=== INSTRUCTIONS TO FOLLOW ===
In the records below, reproduce exactly the lines from the one containing "Passo Giau, Cortina" through the one containing "Slide: The Image", both included, and omit the pictures.

=== SOURCE DATA ===
###

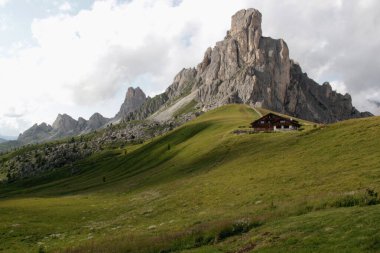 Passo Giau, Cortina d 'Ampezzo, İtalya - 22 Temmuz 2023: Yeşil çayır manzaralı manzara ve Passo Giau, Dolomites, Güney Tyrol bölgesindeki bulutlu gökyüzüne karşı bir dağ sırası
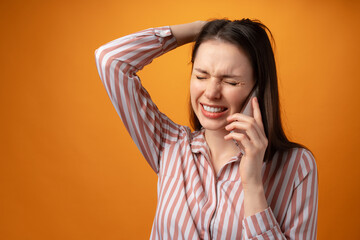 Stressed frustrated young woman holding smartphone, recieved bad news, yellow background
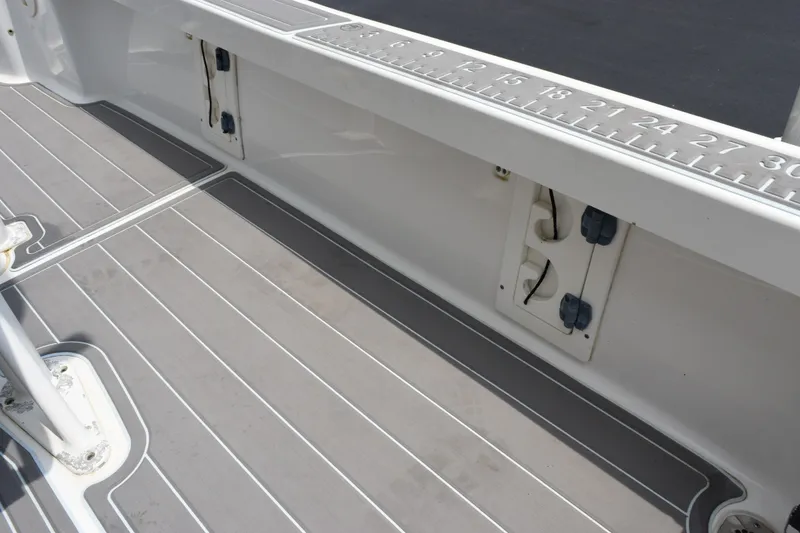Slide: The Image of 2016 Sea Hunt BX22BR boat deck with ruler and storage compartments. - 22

###

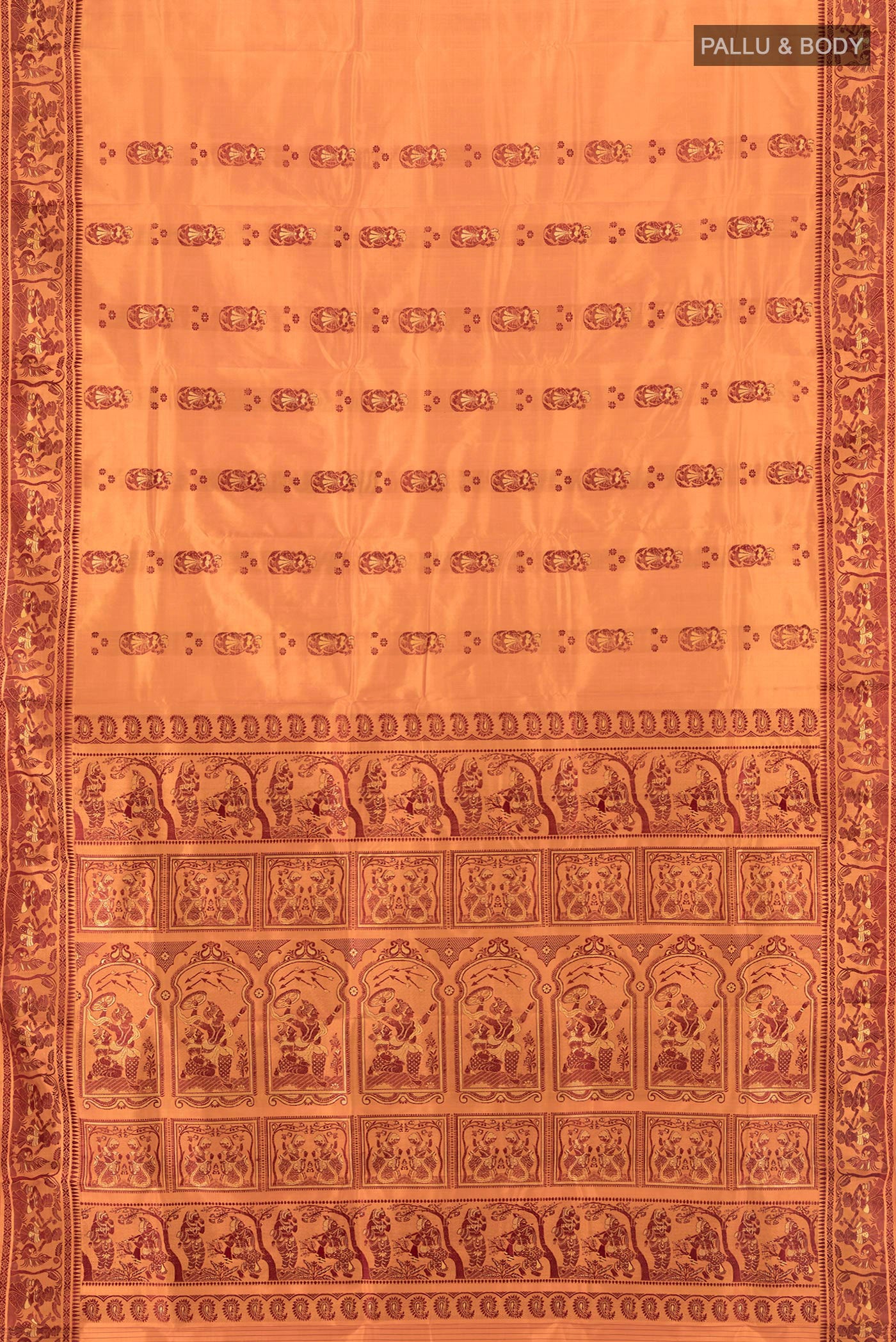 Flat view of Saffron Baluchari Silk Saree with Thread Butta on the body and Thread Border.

###

=== PROBLEM SOLUTION ===
 Passo Giau, Cortina d 'Ampezzo, İtalya - 22 Temmuz 2023: Yeşil çayır manzaralı manzara ve Passo Giau, Dolomites, Güney Tyrol bölgesindeki bulutlu gökyüzüne karşı bir dağ sırası
 Stressed frustrated young woman holding smartphone, recieved bad news, yellow background
Slide: The Image of 2016 Sea Hunt BX22BR boat deck with ruler and storage compartments. - 22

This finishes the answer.